A comparison with the Sprout’s second album, Steve McQueen, is instructive. The production on Swoon is relatively anonymous and, since the indie-label budget from Newcastle label Kitchenware was presumably limited, there are few flourishes, just a basic palette of sounds focused around various guitars (mainly acoustic) and keyboards (mainly electric piano). All the instruments have their own space in the mix. The band get a co-production credit with David Brewis. Conversely, Steve McQueen is very identifiably produced by Thomas Dolby, and while his presence is not as oppressive as, say, Martin Hannett’s on Joy Division’s records, the songs somehow feel simpler and more direct even among the addition of various studio effects. They have a clearer identity despite sharing the limelight with Dolby’s production. 

We all know that pop songs have a Proustian quality, summoning us back to our youth – especially, perhaps those we first heard between the ages of fourteen and nineteen. But I have two later memories associated with this album.

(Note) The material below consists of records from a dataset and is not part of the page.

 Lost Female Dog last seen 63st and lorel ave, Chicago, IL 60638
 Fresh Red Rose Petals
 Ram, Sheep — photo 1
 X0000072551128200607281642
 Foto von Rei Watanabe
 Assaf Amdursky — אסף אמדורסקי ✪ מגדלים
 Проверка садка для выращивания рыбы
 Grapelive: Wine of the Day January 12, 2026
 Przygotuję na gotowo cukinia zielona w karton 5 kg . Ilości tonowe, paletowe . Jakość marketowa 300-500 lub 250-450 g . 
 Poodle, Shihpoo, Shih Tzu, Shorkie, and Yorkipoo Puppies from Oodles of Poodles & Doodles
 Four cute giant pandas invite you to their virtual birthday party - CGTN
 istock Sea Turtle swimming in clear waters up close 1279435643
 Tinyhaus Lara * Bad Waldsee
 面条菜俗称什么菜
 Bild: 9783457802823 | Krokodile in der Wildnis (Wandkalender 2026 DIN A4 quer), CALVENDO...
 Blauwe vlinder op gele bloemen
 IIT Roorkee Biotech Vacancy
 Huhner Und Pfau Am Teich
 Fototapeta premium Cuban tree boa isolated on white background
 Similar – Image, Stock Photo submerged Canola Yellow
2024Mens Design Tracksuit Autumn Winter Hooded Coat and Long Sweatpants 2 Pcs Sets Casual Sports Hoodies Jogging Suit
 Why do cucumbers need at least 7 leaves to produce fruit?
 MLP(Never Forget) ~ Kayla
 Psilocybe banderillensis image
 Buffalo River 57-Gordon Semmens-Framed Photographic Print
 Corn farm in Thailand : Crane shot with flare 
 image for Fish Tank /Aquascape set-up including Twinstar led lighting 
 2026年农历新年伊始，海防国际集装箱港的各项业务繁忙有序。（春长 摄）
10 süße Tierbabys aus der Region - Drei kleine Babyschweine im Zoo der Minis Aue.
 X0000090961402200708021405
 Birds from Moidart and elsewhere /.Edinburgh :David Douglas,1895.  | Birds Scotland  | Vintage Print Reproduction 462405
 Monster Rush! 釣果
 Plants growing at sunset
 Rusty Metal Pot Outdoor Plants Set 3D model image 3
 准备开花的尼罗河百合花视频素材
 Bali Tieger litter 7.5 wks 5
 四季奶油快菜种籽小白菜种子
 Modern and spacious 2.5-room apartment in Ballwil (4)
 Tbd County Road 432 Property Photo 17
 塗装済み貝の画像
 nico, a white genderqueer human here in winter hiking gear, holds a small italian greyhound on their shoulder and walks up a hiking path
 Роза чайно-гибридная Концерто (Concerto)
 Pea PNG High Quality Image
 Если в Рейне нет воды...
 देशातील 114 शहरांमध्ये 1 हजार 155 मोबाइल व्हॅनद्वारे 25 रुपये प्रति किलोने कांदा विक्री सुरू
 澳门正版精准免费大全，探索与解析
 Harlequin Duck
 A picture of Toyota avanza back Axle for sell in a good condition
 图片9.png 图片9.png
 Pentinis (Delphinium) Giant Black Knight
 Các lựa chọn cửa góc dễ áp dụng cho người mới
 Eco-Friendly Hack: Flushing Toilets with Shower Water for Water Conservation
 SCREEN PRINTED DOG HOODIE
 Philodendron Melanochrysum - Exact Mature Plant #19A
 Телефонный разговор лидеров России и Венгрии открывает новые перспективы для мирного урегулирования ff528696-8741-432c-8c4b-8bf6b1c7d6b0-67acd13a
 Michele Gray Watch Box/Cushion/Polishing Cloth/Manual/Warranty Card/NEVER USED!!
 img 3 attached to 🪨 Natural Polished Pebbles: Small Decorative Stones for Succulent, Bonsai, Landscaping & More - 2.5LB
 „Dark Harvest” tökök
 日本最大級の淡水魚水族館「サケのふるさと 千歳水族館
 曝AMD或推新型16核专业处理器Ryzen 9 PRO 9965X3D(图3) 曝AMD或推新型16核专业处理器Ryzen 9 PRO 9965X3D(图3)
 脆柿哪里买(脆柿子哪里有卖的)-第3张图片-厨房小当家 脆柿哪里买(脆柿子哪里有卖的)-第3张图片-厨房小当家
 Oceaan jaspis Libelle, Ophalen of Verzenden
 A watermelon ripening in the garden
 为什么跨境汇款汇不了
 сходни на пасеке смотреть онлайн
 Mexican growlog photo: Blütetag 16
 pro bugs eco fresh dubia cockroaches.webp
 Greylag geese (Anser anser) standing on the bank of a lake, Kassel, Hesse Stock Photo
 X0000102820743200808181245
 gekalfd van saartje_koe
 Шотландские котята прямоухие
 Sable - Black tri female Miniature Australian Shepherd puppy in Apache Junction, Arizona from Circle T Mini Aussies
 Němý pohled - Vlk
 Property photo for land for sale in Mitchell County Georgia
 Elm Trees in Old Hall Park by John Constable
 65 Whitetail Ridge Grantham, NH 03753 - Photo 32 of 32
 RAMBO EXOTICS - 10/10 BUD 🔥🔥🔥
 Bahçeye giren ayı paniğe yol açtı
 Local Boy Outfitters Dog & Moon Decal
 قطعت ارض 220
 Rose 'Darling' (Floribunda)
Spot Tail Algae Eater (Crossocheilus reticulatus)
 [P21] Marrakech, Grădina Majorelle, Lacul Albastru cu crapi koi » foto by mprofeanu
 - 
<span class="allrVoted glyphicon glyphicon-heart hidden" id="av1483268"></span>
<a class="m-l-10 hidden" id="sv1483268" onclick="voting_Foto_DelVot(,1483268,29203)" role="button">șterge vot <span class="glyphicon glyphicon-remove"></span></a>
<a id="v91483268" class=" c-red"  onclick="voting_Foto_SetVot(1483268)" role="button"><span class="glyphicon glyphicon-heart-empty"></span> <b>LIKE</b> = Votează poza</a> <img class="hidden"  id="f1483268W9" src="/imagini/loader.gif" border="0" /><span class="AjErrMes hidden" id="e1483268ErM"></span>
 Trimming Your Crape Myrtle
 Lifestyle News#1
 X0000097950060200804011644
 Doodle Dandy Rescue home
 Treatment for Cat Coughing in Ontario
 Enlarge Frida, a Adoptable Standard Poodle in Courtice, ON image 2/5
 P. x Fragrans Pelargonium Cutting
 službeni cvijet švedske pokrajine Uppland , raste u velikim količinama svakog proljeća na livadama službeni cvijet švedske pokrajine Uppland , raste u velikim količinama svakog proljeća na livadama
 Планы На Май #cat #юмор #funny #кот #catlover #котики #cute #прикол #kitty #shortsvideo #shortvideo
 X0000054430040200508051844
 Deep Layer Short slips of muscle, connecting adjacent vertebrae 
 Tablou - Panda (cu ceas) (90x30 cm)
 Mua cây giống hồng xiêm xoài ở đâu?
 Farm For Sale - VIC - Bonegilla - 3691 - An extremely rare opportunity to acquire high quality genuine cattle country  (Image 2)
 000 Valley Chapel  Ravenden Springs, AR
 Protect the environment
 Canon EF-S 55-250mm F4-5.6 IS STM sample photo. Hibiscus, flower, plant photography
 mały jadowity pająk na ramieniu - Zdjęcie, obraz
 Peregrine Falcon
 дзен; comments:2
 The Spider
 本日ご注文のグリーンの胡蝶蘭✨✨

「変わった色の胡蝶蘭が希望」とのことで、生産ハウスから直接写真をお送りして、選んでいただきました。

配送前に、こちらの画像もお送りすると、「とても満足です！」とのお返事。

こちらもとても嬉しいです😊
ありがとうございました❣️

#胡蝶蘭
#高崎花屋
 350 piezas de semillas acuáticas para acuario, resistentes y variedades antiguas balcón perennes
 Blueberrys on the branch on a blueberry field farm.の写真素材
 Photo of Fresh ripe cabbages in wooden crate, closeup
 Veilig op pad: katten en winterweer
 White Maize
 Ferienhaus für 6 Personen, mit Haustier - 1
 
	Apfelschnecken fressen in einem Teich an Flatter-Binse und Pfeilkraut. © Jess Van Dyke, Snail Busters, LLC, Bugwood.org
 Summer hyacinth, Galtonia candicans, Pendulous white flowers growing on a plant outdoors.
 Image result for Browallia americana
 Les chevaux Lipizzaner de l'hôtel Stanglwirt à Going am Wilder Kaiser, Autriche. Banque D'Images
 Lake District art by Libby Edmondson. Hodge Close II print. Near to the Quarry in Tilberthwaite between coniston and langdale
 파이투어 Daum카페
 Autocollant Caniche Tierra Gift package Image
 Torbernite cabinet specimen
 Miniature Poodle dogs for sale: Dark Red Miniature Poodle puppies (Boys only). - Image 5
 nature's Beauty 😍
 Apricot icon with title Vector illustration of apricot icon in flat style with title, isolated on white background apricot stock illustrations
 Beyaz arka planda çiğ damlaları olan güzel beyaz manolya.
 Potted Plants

In 1994, when I hadn’t heard it for several years, I caught a crackly broadcast of ‘Cruel’ on a pirate radio station on my first visit to Italy to do a language course before starting a doctorate in Italian history – and realised I could still quote the lyrics verbatim (which I suppose makes this a memory of a memory). 

I'm a liberal guy, too cool for the macho ache 

With a secret tooth for the cherry on the cake 

With a pious smile, a smile that changes what I say 

While I waste my time in regretting 

That the days went from perfect to just okay 

Quite what it was about this student-union sexual-politics handwringing that appealed to my goofy, jug-eared, never-been-kissed fourteen-year-old self I don’t know. Probably only that I had so few albums that I knew the lyrics to all of them (I can also quote large chunks of Larry Norman’s Only Visiting This Planet, for example, a 1970s Christian album with a sensibility far removed from Swoon). 

Another memory: in early 2015, when I’d bought the album again to immerse myself in all-things 1984 before starting to write The Angels of L19, I used to listen to it on the bus on my way to work in a call centre. So now it summons in me not just a feeling of teenage nostalgia, but also a sensation of dread and smothered panic attack.